How Headless Chrome Almost Took Down Our Production

It is not what you are thinking…

Around 3 AM on a Saturday, my phone started buzzing with alert notifications. Our metrics cron job was failing & couldn't push data to Observability DB. This is a legacy script that runs every 5 minutes, greps through logs for certain patterns, counts them, and sends the numbers to our time-series database. Not exactly mission-critical stuff.

I checked the cloud status page. Network maintenance was scheduled in the region and was ongoing. "That's probably it," I thought. Some VPC connectivity issues, packets getting dropped somewhere in the backbone. We were still getting most of our readings except missing one every 3 or 4 cycles. I figured we'd look into it Monday since it was not extremely critical, probably a network related small issue that might resolve on its own.

That was a mistake.

More Alerts

About an hour later, more alerts started coming in. Different service this time! Our real-time notification service (let's call it Service A). It kept restarting every 30 minutes.

Service A has health checks that trigger restarts when something goes wrong. It wasn't dying completely, just stuck in this restart loop. The logs were showing something I hadn't seen before:

[warning][os,thread] Failed to start thread "Unknown thread" - pthread_create failed (EAGAIN)
java.lang.OutOfMemoryError: unable to create native thread: possibly out of memory or process/resource limits reached

Now, when a Spring Boot app crashes, you usually expect something like OutOfMemoryError: Java heap space. Maybe the scheduler crashed. Maybe some corrupt data got into a loop. Normal stuff.

I pulled up the dashboards. RAM usage: 40%. Heap: healthy. CPU: under 50%.

So what was going on?

That EAGAIN error was the clue. In the Linux man pages for pthread_create, EAGAIN doesn't mean you're out of RAM. It means:

"The system lacked the necessary resources to create another thread, or the system-imposed limit on the total number of threads would be exceeded."

The OS wasn't out of memory. It was out of process slots.

16,313 Processes

I SSHed into the production VM. The system felt a bit sluggish, which makes sense now, since SSH itself needs to spawn threads to work. But top showed low CPU load and plenty of free memory.

I ran a simple process count:

root@prod:~# ps aux | wc -l
16313

16,313 processes. This server normally runs about 300.

I ran ps aux to see what was eating up all those slots:

root@prod:~# ps aux
...

Thousands of identical lines:

chrome --headless --disable-gpu --no-sandbox ...
chrome --headless --disable-gpu --no-sandbox ...
chrome --headless --disable-gpu --no-sandbox ...

16,000 instances of Headless Chrome. Sitting there. Doing nothing. 0% CPU. Just... existing.

Tracing it Back

I knew which service used Chrome. We have a legacy report generation service that uses Selenium with Headless Chrome to render PDFs.

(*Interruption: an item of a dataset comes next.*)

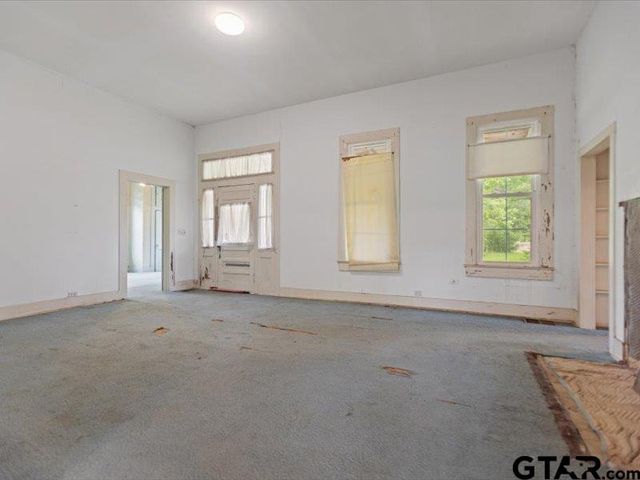 529 E FM 323, Palestine, TX 75801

I opened the code and found the problem immediately. It was in the finally block:

  import org.openqa.selenium.chrome.ChromeDriver;

  public String headlessChromeDriverProcess(...)
  {
    WebDriver driver = null;

    try {
      driver = new ChromeDriver();
    } catch (Exception theException) {
      ...
    } finally {
      if (driver != null)
        driver.close();
    }

    return ...;
  }

Here's the thing about Selenium that I guess might have caught a lot of people off-guard:

driver.close() closes the current browser tab. That's it. The chromedriver binary keeps running. The Chrome process keeps running.

driver.quit() closes everything and actually kills the OS process.

To double-check, I opened documentation and it made it pretty clear:

Javadoc showing close() and quit() method description

Sounds similar, right? But the implementation is completely different. Look at where these methods come from:

Javadoc showing method inheritance - quit() from ChromeDriver and close() from RemoteWebDriver

See that? quit is inherited from ChromiumDriver. close is inherited from RemoteWebDriver.

RemoteWebDriver is most probably a generic class. It is designed to talk to browsers running anywhere, potentially on remote machines over HTTP. It doesn't know there's a local chromedriver executable running on your machine. It just sends a command to close a tab.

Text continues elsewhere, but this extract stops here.